Losing the second referendum by a greater margin than in September 2014, when the Yes side was defeated by a margin of 55 per cent to 45 per cent, would be the political equivalent of a boxer narrowly defeated in a title contest who then goes on to be decisively defeated in the rematch.
A bigger defeat for independence in a second referendum, judged by some to have been held too hastily, or indeed simply a second referendum loss so soon after the first one, could be a knock-out blow for the independence movement for at least for a generation.
It’s one of the great unknowns of UK politics at the moment, but the SNP leadership’s dilemma may be sharpened by a view that the conditions for a second independence referendum may never again be so favourable for it, with a Conservative Westminster government intensely disliked by many Scots imposing deep welfare cuts and weakening employment rights north of the Border despite having just one MP in Scotland.
But it may not just be the independence issue that will come back into focus as attentions turn towards the 2016 Holyrood election battle.
If the SNP defeats Labour for a third time next year, the Nationalists will have been the governing party in the Scottish Parliament for nine of the 17 years of devolution.
The SNP’s last two Holyrood victories were largely against the odds, with the narrowest of wins in 2007 and the election of a minority government with just one more seat than Labour, and an unexpected overall majority in 2011 just weeks after some polls suggested the party could be defeated.
As things stands there is absolutely no sign that the SNP is running out of political steam, but after a third election win and a lengthy period in power, parties can begin to experience difficulties in office.
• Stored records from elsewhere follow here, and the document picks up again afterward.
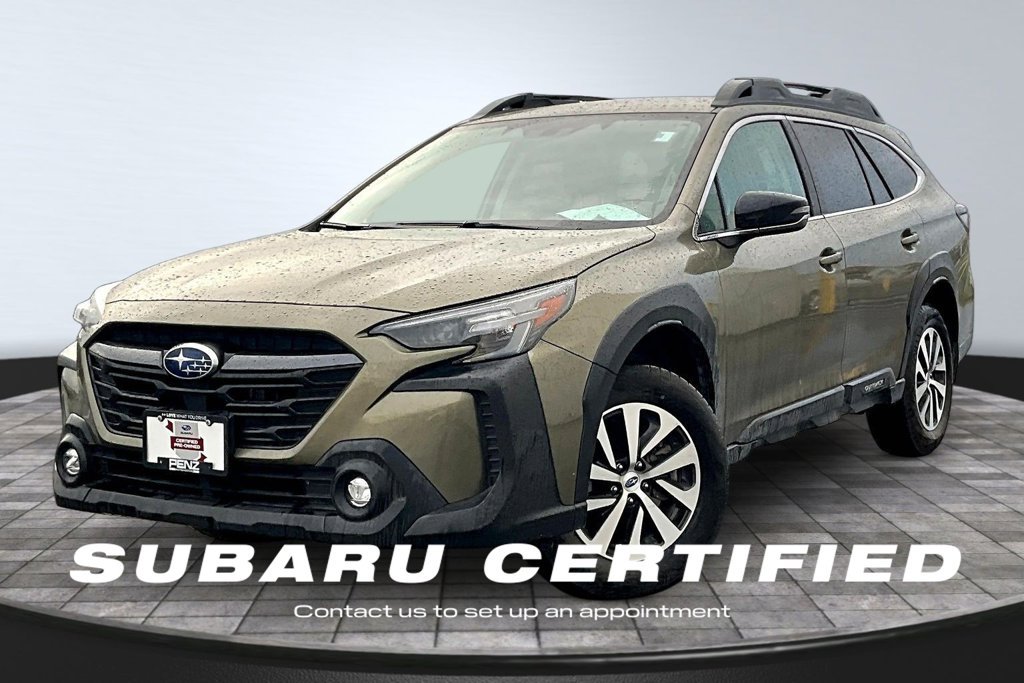 Used 2025 Subaru Outback Premium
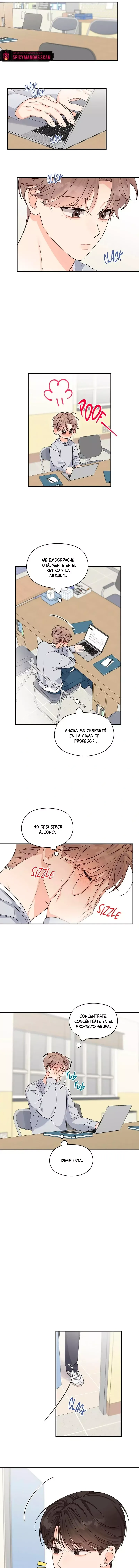 Alpha Trauma Capítulo 21 en Línea - página 9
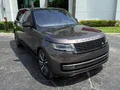 2022 Land Rover Range Rover P400 MHEV V, серый, 16463519 рублей - вид 7
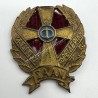 School of Nursing Officers Badge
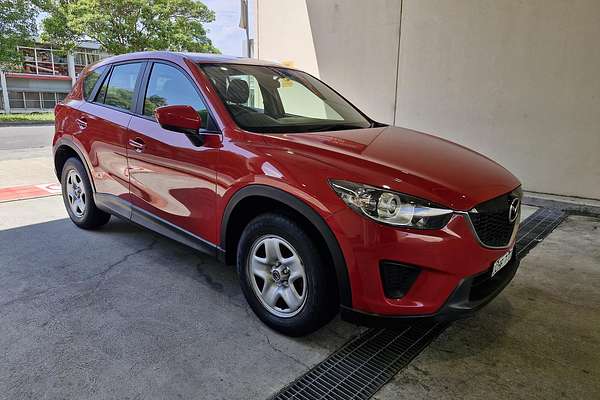 2012 Mazda CX-5 Maxx KE Series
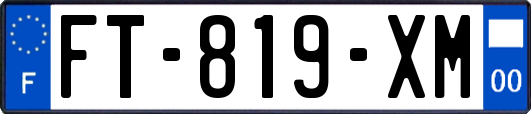 FT-819-XM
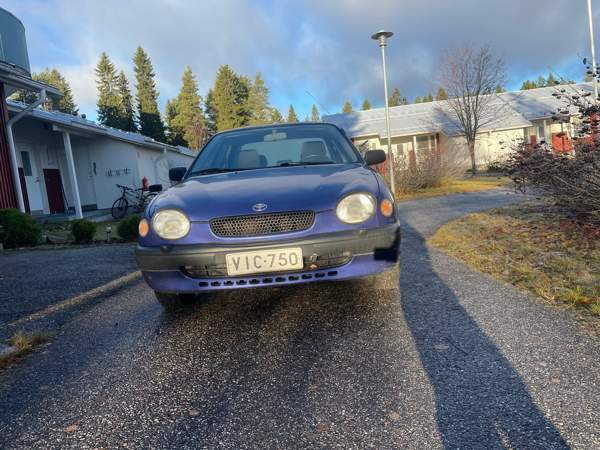 Toyota Corolla Kajaani - valokuva 3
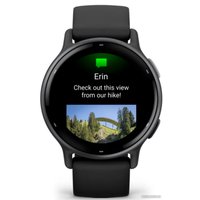 Умные часы Garmin Vivoactive 5 (черный)
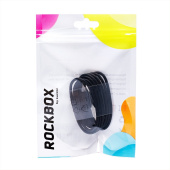 Кабель USB - Type-C RockBox  100см 1,5A (black)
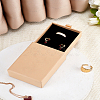 2Pcs Cardboard Paper Jewelry Drawer Boxes CON-LP0001-46B-1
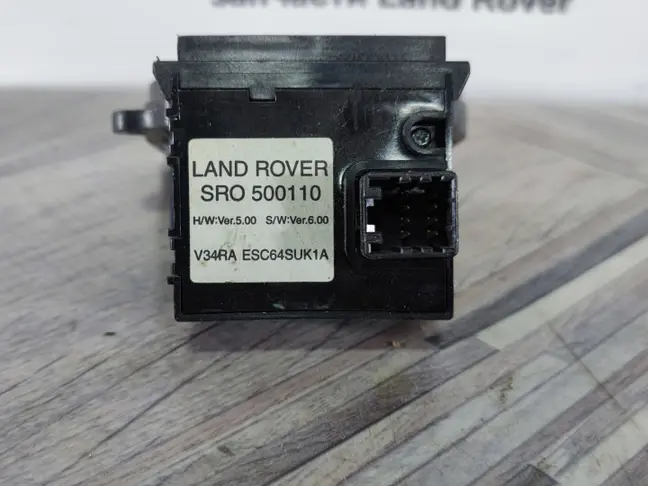 Датчик положения руля DISCOVERY 3 L319 05-09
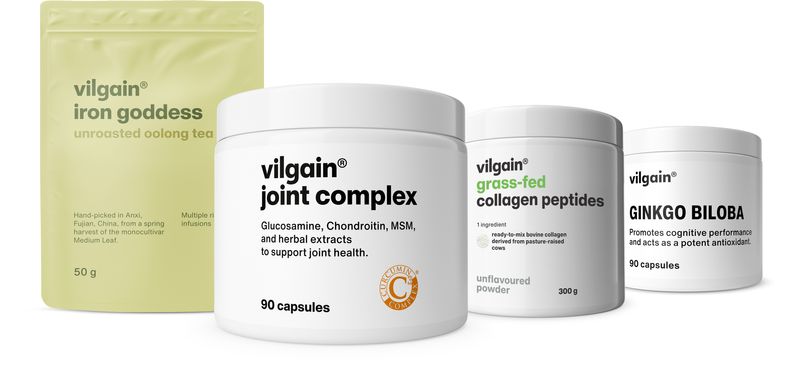 Senior Vitality Set –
Think of Margaret Thatcher’s dramatic downfall just over three years after her third successive election win in 1987 after she pressed ahead with unpopular policies such as the poll tax, at a time when the then prime minister appeared to believe the normal laws of policies about the prospect of defeat did not apply to her. This contributed to her eviction from office.
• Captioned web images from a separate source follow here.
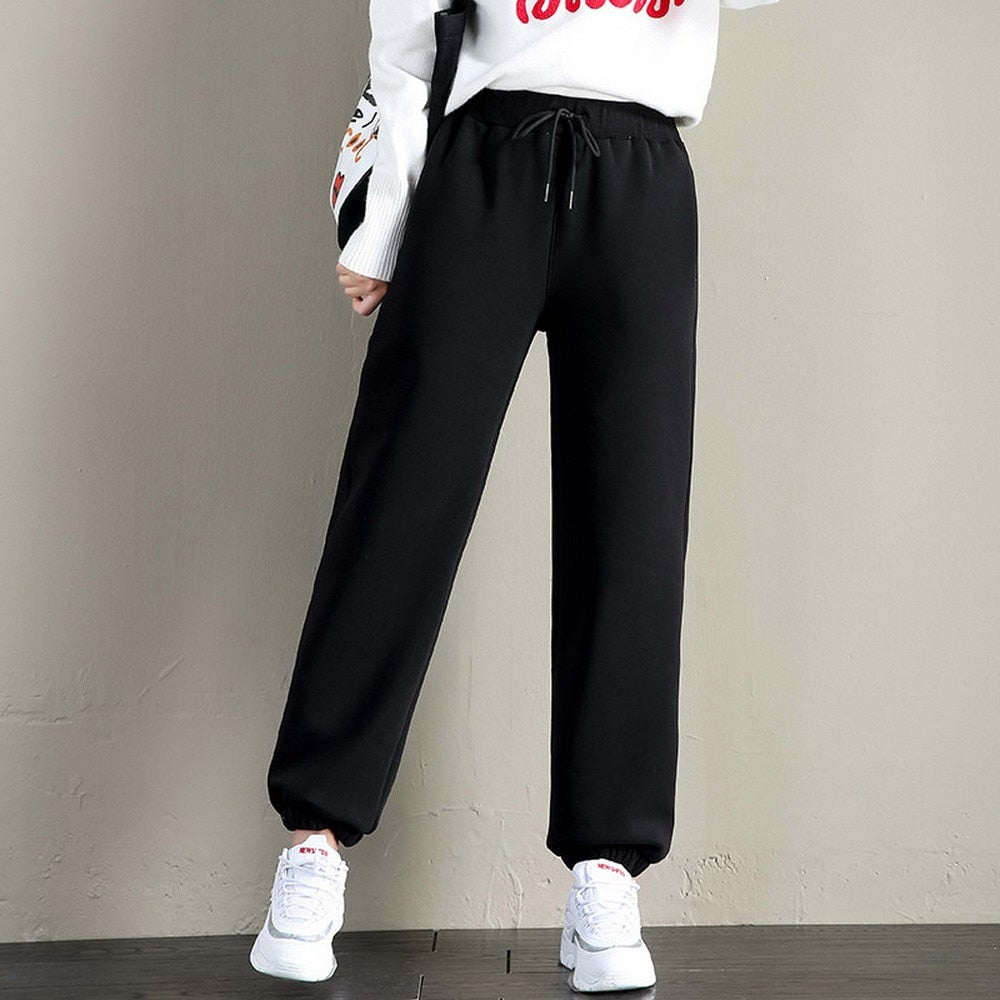 Winter Women Sweatpants - WanderVan - WanderVan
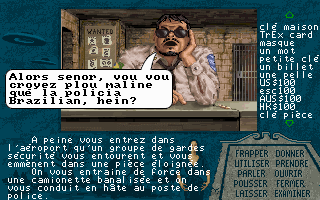 Capture d'écran de jeu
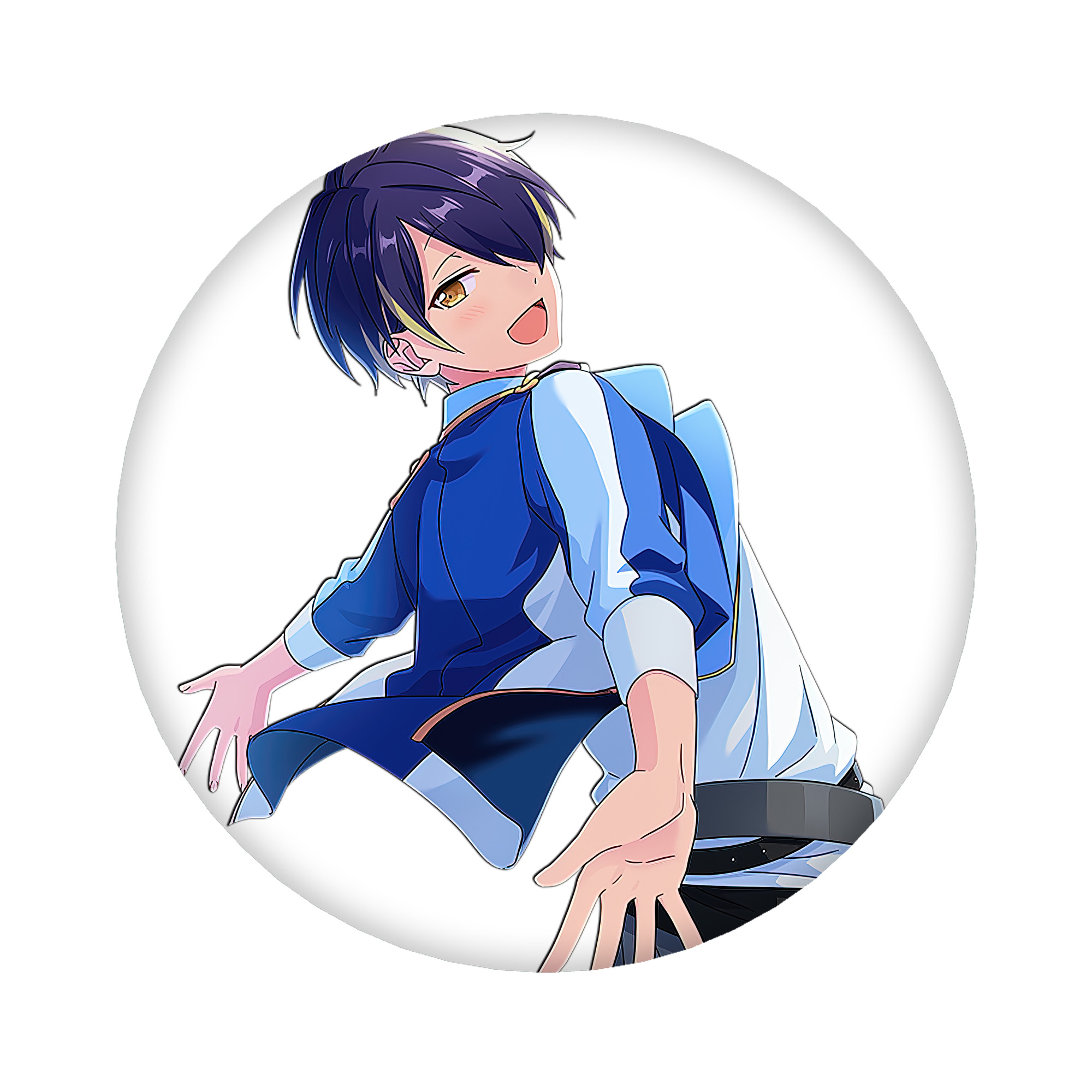（画像用） あんさんぶるスターズ! Ensemble Stars 6cm 缶バッジ 複数セット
After leading the Labour Party to a third successive and unprecedented victory in 2005, Tony Blair also fared badly with serial internal rebellions and coup attempts against his premiership, as the fall-out from the 2003 invasion of Iraq continued.
The SNP leadership, certainly during the Salmond years at least, has at times given the impression that the “normal laws of politics do not apply to it” and such an attitude may yet offer Labour hope of revival.
However, such was the scale of the Nationalist triumph on 7 May and the ongoing popularity of the SNP government, that despite a questionable record in areas such as further college funding and NHS treatment times, the party could still continue to dominate Scottish politics in the way the centre right parties Fianna Fáil and Fine Gael have done in the Irish republic.